I'm using python to prototype the algo: this will move to C in an
embedded system where an int has 16 bits - I do not wish to use any
python library.

l1 = [1,2,3,4,6,7,8] #represents the decimal number 12345678
l2 = func (l1)
# l2 = [0x1, 0x2, 0xD, 0x6, 0x8, 0x7] #represents 0x12D687

def func(x):
result = list(x)
result[2:4] = [0xd]
result[-1], result[-2] = result[-2], result[-1]
return result

l1 = [1, 2, 3, 4, 6, 7, 8]
l2 = func(l1)
print l2

And now please describe you problem a little better. ;-)

Ciao,
Marc 'BlackJack' Rintsch

I'll try.

first of all python is not going to be used for my purpose (sigh)

I have device A which holds a binary coded decimal array [N1,N2,....Nn]
where the array represents a decimal number.

In C: unsigned char dec[] = {1,2,3,4,5,6,7,8};

I need that array converted for device B into an array where each element
represents the actual byte value.

In C: the result would be unsigned char hex[] = {0x1,0x2,0xD,0x6,0x8,0x7};

I guess any pocket calculator goes through that process for dec/hex
conversion.

Hope that's clearer.

Regards,

Philippe

 

[Marc 'BlackJack' Rintsch]

And now please describe you problem a little better. ;-)

I'll try.

first of all python is not going to be used for my purpose (sigh)

I have device A which holds a binary coded decimal array [N1,N2,....Nn]
where the array represents a decimal number.

In C: unsigned char dec[] = {1,2,3,4,5,6,7,8};

I need that array converted for device B into an array where each element
represents the actual byte value.

In C: the result would be unsigned char hex[] = {0x1,0x2,0xD,0x6,0x8,0x7};

I guess any pocket calculator goes through that process for dec/hex
conversion.

Hope that's clearer.

Not really.
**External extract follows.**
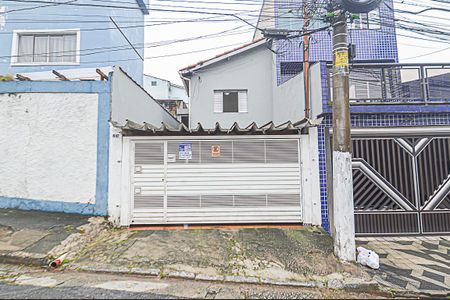 Casa à venda com 100m², 2 quartos e 2 vagasFachada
Maybe I'm missing something obvious but I don't see the link
between your `dec` and `hex` values. 12345678 converted to hex is
bc614e. Do you need such a conversion? And should the result really be
one nibble (4 bit)/hex digit per array entry!?

Ciao,
Marc 'BlackJack' Rintsch

 

[Philippe Martin]

And now please describe you problem a little better. ;-)

I'll try.

first of all python is not going to be used for my purpose (sigh)

I have device A which holds a binary coded decimal array [N1,N2,....Nn]
where the array represents a decimal number.
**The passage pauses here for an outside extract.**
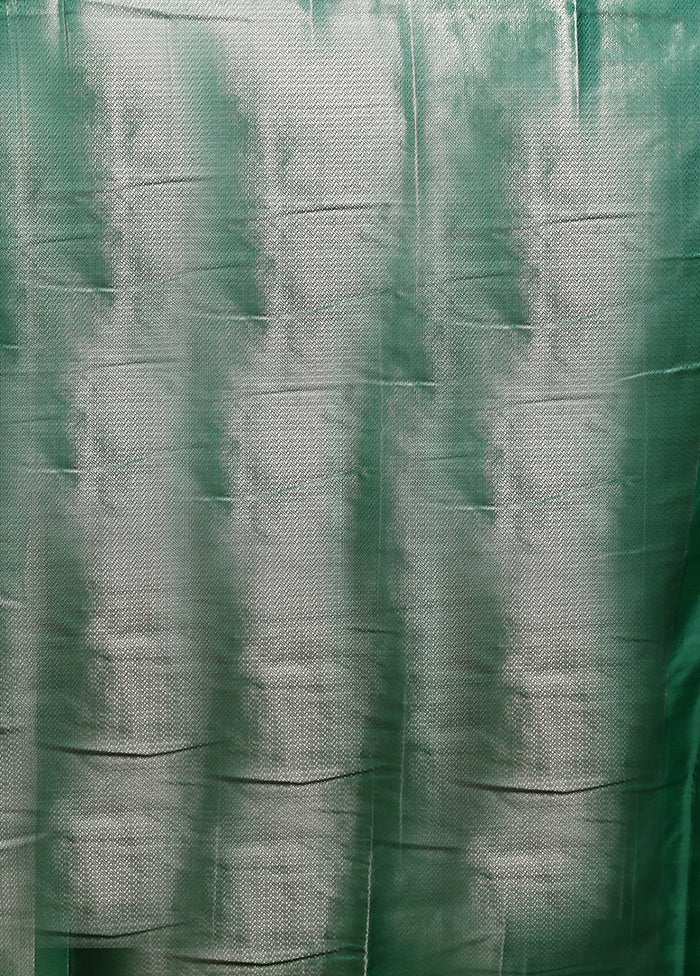 Green Dupion Silk Saree With Blouse Piece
In C: unsigned char dec[] = {1,2,3,4,5,6,7,8};

I need that array converted for device B into an array where each element
represents the actual byte value.

In C: the result would be unsigned char hex[] =
{0x1,0x2,0xD,0x6,0x8,0x7};

I guess any pocket calculator goes through that process for dec/hex
conversion.

Hope that's clearer.

Not really. Maybe I'm missing something obvious but I don't see the link
between your `dec` and `hex` values. 12345678 converted to hex is
bc614e. Do you need such a conversion? And should the result really be
one nibble (4 bit)/hex digit per array entry!?

Ciao,
Marc 'BlackJack' Rintsch

My apologies, I clearly made a mistake with my calculator, yes the resulting
array I would need is [0xb,0xc,0x6,0x1,0x4,0xe]

Regards,

Philippe

 

[Philippe Martin]

Hi,

I'm looking for an algo that would convert a list such as:

Such as what?

I'm using python to prototype the algo: this will move to C in an
embedded system where an int has 16 bits - I do not wish to use any
python library.

l1 = [1,2,3,4,6,7,8] #represents the decimal number 12345678

Does it??? How do you represent the decimal number 12349678, then?

l2 = func (l1)
# l2 = [0x1, 0x2, 0xD, 0x6, 0x8, 0x7] #represents 0x12D687

I'm sorry, but very little of that makes any sense to me:

1. I thought BCD meant something very much like this:
http://en.wikipedia.org/wiki/Binary-coded_decimal

2. >>> [0x1, 0x2, 0xD, 0x6, 0x8, 0x7] #represents 0x12D687
[1, 2, 13, 6, 8, 7]

So [1], [2], [6] are unchanged, [3, 4] -> [13] (or maybe [3, 4, 5] ->
13), and [7, 8] -> [8,7].

I doubt very much that there's an algorithm to do that. What is the
relationship between 1234(maybe 5)678 and 0x12D687??? I would expect
something like this::

0x12345678 (stored in 4 bytes 0x12, ..., 0x78) -- or 0x21436587
or
0x012345678s (where s is a "sign" nibble; stored in 5 bytes 0x01,
..., 0x8s)

IOW something regular and explicable ...

3. Perhaps it might be a good idea if you told us what the *real*
problem is, including *exact* quotes from the manual for the embedded
system. You evidently need/want to convert from one representation of
signed? unsigned? integers to another. Once we all understand *what*
those representations are, *then* we can undoubtedly help you with
pseudocode in the form of Python code manipulating lists or whatever.

Cheers,
John

Hi,

From my answer to Marc:

My apologies, I clearly made a mistake with my calculator, yes the
resulting
array I would need is [0xb,0xc,0x6,0x1,0x4,0xe]

Philippe

 

[John Machin]

Hi,

I'm looking for an algo that would convert a list such as:

Such as what?

I'm using python to prototype the algo: this will move to C in an embedded
system where an int has 16 bits - I do not wish to use any python library.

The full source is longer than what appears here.